# Required work
Where the line with "Antique Ceramic 1960's" appears below, start writing out lines exactly, and finish with the line with "GENERICO - Alimentador", which is included; write out nothing else.

+++ Data provided +++

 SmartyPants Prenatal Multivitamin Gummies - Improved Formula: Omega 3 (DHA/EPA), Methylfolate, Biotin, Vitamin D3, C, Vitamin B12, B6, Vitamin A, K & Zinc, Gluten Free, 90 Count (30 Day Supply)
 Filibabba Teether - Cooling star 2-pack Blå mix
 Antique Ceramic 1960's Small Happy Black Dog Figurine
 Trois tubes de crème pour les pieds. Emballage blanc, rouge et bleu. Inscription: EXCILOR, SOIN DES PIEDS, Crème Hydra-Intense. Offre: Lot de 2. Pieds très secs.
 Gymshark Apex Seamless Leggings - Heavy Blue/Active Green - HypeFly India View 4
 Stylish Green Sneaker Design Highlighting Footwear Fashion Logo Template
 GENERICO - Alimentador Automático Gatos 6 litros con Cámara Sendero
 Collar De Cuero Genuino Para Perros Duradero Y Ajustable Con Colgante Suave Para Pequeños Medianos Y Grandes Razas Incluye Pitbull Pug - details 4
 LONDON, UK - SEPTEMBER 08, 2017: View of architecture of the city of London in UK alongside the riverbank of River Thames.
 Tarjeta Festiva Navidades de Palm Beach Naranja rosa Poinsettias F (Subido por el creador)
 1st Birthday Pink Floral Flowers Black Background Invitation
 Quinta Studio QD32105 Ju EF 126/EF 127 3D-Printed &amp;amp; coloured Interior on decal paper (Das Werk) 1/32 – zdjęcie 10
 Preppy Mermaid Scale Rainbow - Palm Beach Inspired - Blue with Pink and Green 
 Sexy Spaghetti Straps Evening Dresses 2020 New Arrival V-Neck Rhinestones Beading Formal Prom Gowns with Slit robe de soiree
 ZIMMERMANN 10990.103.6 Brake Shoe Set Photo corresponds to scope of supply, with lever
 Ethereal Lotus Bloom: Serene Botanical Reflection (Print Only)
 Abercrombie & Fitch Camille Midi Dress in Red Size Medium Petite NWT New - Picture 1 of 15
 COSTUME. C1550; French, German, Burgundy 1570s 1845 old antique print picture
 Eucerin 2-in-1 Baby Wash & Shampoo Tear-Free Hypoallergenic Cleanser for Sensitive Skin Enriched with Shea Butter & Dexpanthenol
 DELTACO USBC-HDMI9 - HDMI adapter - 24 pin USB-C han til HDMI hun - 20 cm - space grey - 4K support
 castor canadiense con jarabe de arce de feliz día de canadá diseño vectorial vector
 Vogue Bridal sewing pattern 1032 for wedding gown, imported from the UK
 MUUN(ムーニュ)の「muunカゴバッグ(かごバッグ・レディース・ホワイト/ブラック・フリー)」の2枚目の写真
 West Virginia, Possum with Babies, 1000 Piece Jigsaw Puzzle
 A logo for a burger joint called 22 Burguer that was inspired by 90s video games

+++

# Your response
 Antique Ceramic 1960's Small Happy Black Dog Figurine
 Trois tubes de crème pour les pieds. Emballage blanc, rouge et bleu. Inscription: EXCILOR, SOIN DES PIEDS, Crème Hydra-Intense. Offre: Lot de 2. Pieds très secs.
 Gymshark Apex Seamless Leggings - Heavy Blue/Active Green - HypeFly India View 4
 Stylish Green Sneaker Design Highlighting Footwear Fashion Logo Template
 GENERICO - Alimentador Automático Gatos 6 litros con Cámara Sendero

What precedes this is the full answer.